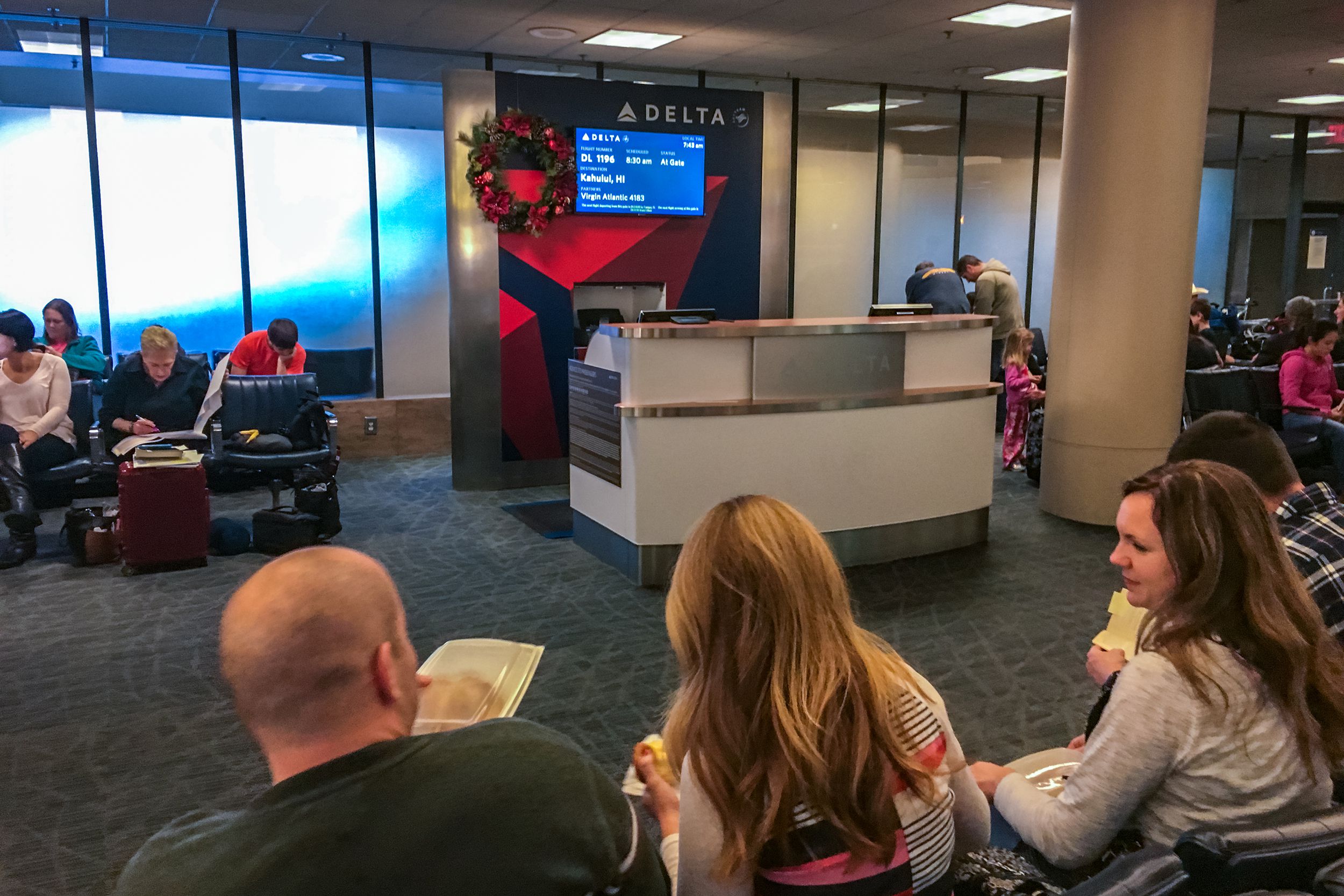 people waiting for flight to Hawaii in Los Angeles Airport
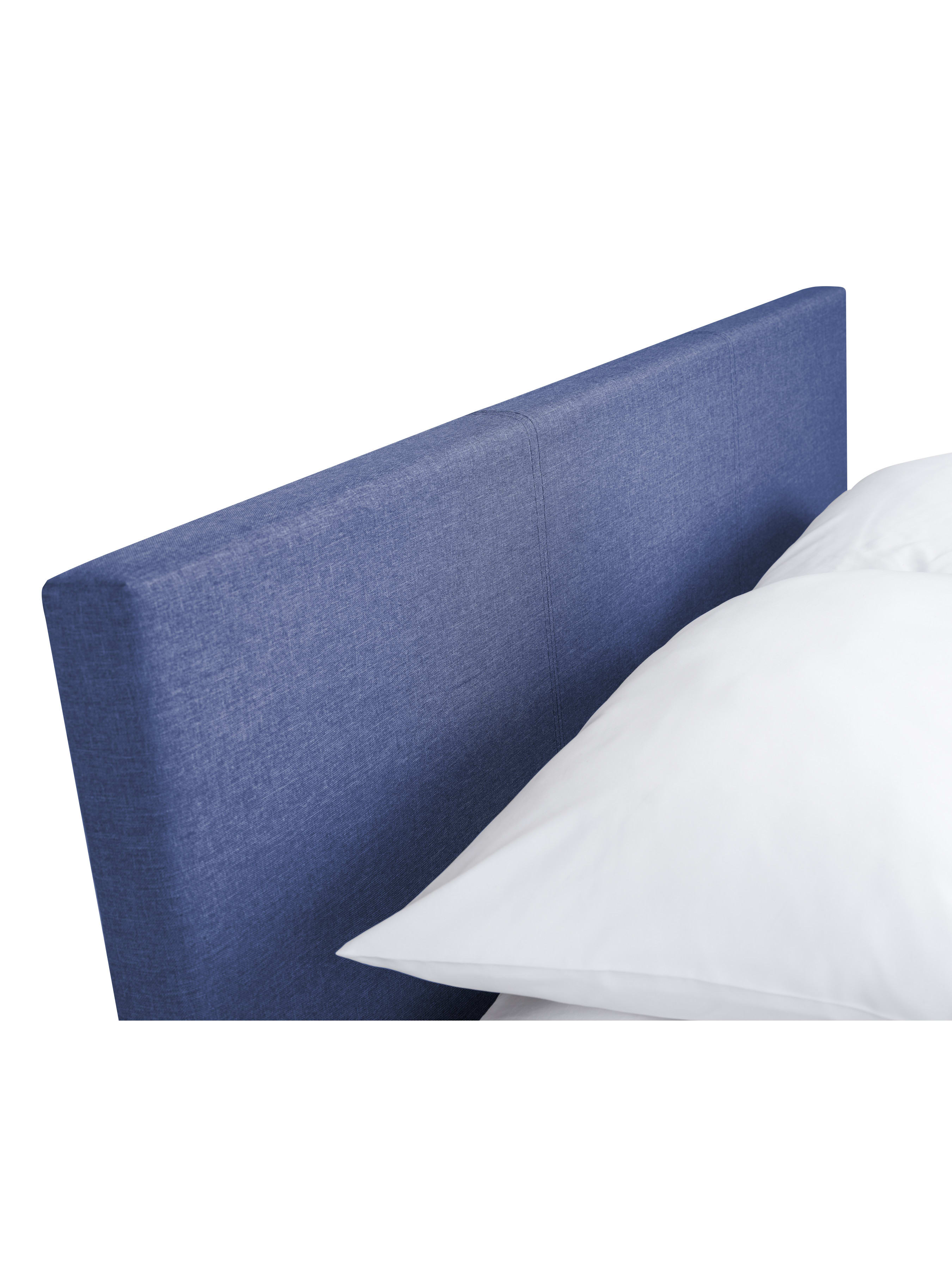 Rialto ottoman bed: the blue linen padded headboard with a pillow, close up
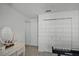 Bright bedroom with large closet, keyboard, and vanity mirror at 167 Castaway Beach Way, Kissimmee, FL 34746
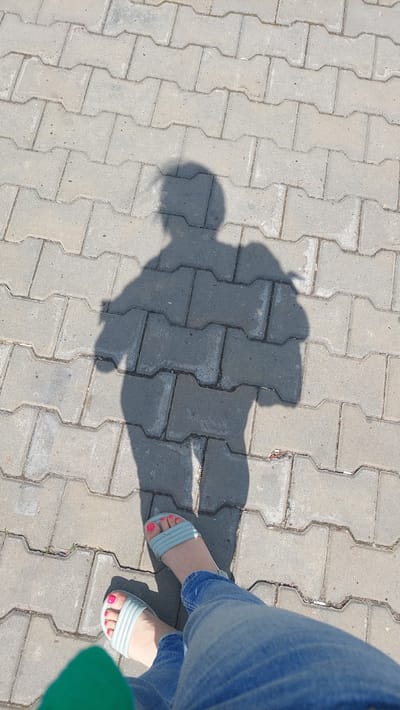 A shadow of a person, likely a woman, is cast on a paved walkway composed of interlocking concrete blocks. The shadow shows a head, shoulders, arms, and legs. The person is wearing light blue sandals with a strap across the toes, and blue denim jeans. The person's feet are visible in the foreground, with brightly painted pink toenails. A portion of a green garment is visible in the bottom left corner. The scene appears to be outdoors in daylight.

* * *

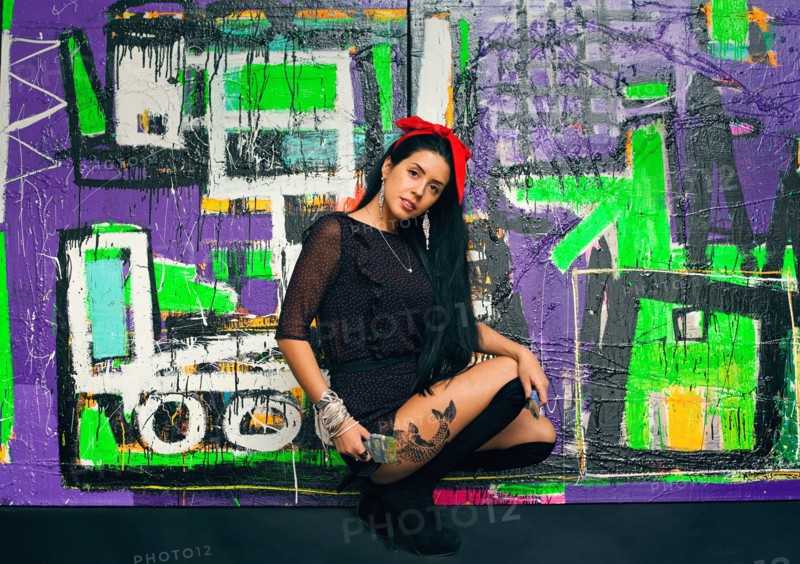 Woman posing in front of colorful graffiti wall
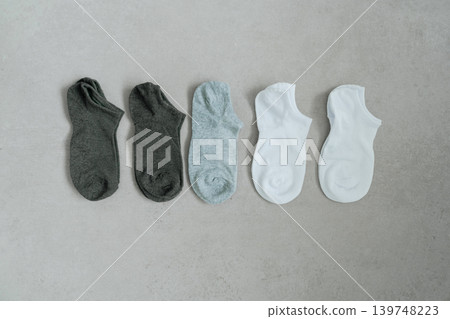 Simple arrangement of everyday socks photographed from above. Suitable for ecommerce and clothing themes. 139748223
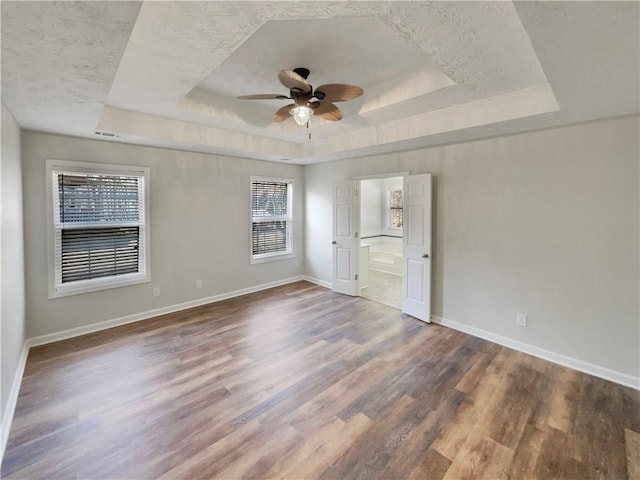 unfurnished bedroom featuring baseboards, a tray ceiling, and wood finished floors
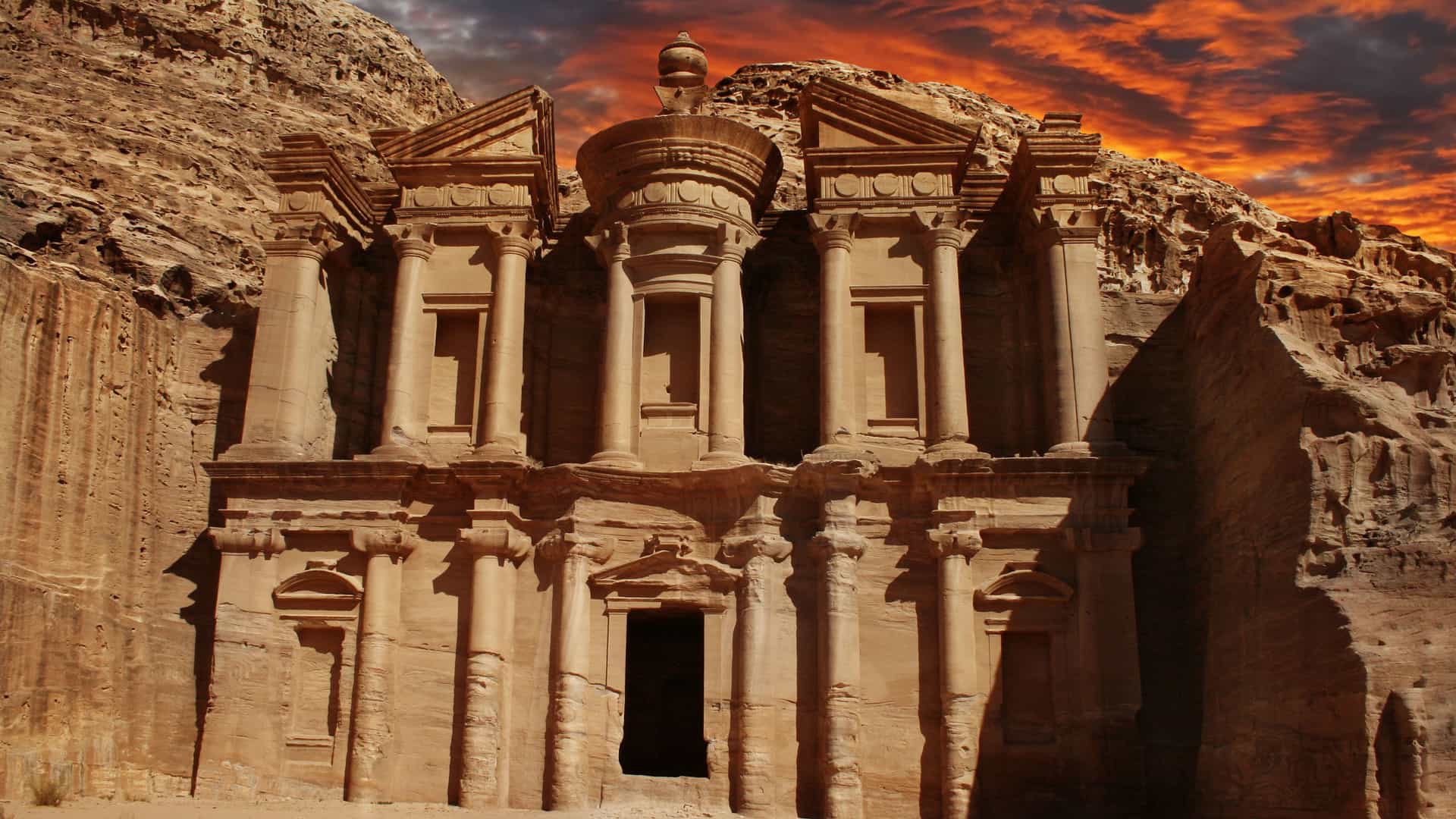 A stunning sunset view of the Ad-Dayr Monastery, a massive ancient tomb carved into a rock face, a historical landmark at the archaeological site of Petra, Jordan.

* * *

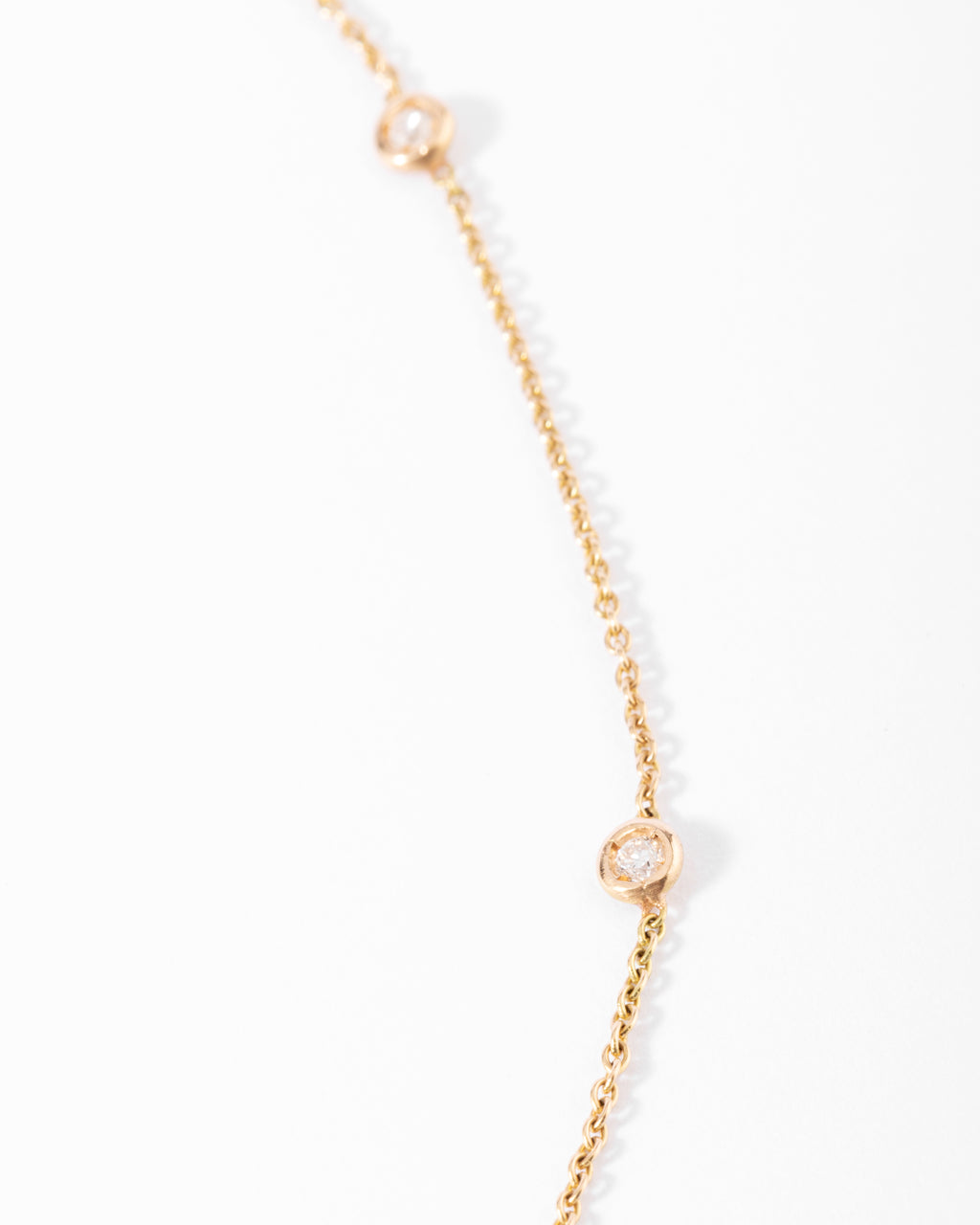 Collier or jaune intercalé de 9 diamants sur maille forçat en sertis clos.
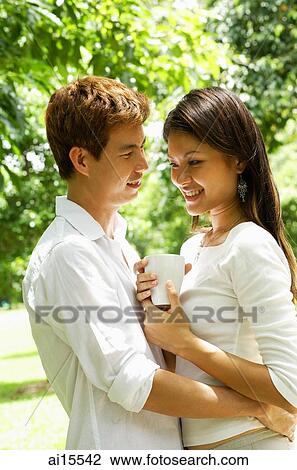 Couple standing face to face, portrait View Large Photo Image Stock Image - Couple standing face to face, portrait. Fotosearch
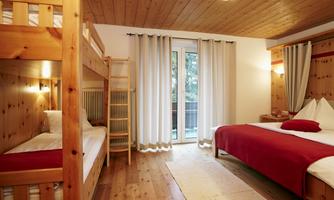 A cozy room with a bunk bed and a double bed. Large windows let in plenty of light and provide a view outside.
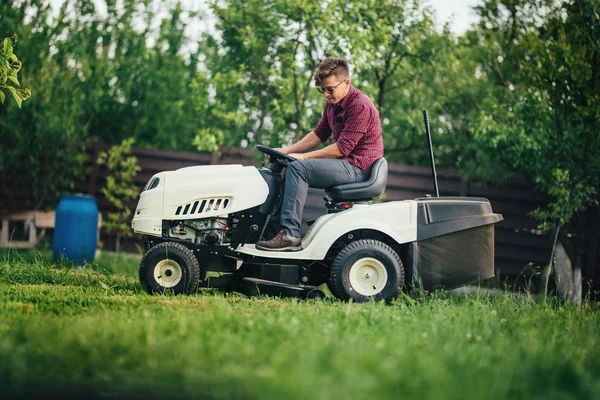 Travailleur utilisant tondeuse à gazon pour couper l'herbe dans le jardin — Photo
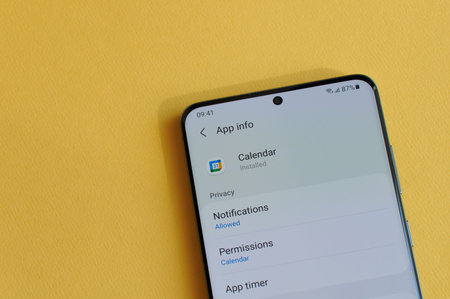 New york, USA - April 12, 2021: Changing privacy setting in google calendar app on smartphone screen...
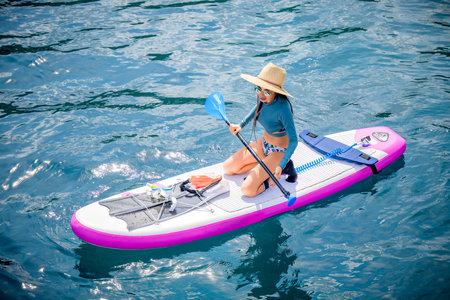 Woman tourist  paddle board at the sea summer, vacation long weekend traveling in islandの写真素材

» TASK DESCRIPTION
Give again the stretch of lines above from the one with "Couple standing face to face, portrait View" through the one with "traveling in islandの写真素材", both ends kept, and copy no pictures.

» THE COMPLETED TASK
 Couple standing face to face, portrait View Large Photo Image Stock Image - Couple standing face to face, portrait. Fotosearch
 A cozy room with a bunk bed and a double bed. Large windows let in plenty of light and provide a view outside.
 Travailleur utilisant tondeuse à gazon pour couper l'herbe dans le jardin — Photo
 New york, USA - April 12, 2021: Changing privacy setting in google calendar app on smartphone screen...
 Woman tourist  paddle board at the sea summer, vacation long weekend traveling in islandの写真素材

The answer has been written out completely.